I gave it to your brother to give to you.
a girl is trying to cook hot pockets in a saute pan on the stove.
I have never heard someone not give a fuck so poetically in my life. I feel like you should be leading men into battle with a speech like that
I woke up in solitary confinement, wheb they moved me the guy that sold me the pill of Molly at the concert was in the police waiting room, we nodded to each other.
That point of drunk where you're in a bar bathroom and you're like "F*ck you bra! I'm not taking your sh*t anymore! and you take it off and throw it in a trashcan.
I sincerely thought making it to McDonalds by 10:00am was a shoe-in but it appears that I need to adjust my zoom when looking at the map before walking to places.
I just wanna say I did some math and I lasted 1,052,000 more minutes than you at the bar before I got kicked out.
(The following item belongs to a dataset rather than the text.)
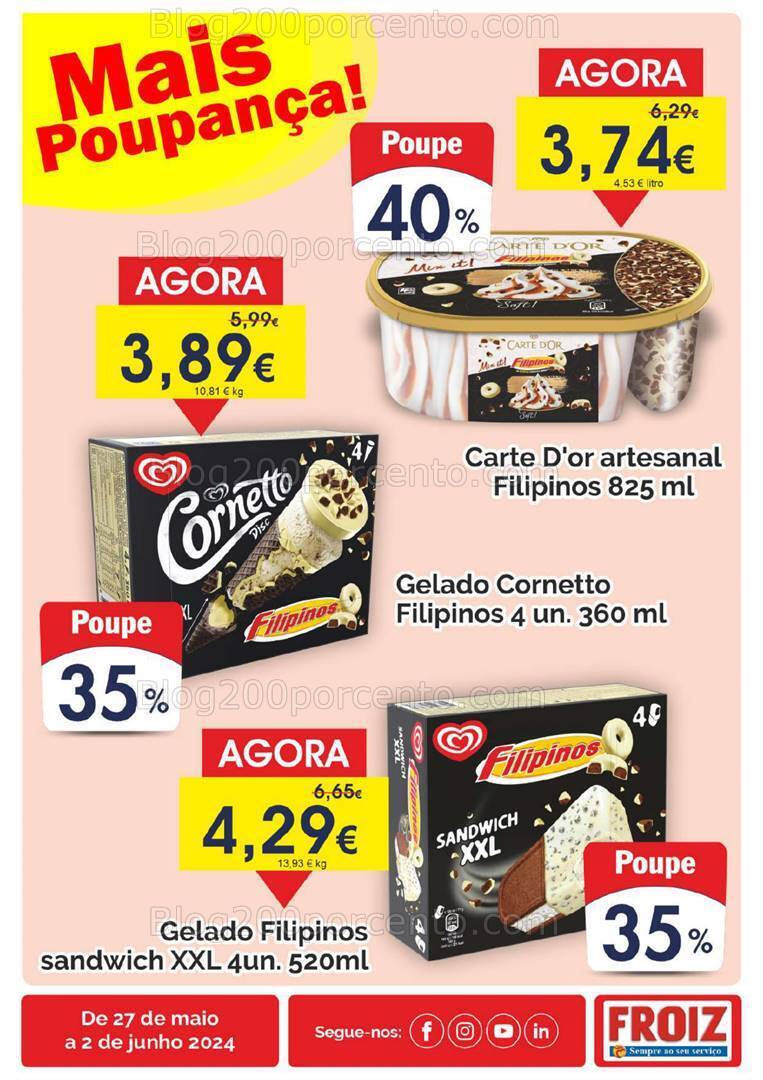 Antevisão Folheto FROIZ Promoções de 27 maio a 2 junho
That's 729 days. Bitch
6 beers, 3 orange crushes, & half a fire ball later & you get my alter ego.
Getting stoned and sitting front row in a legal class.. Not my best idea
we told the drug dealer that our car was dead and we needed a jump so he would bring the drugs to us...
There's a whistle here and I just want to play my whistle song on it.
She was from Wisconsin, she had great boobs... I mean... It's a dairy state....
I ate a hotdog off the ground last night.
I just put poptarts in the toaster with the wrapper on, that's how hungover I am.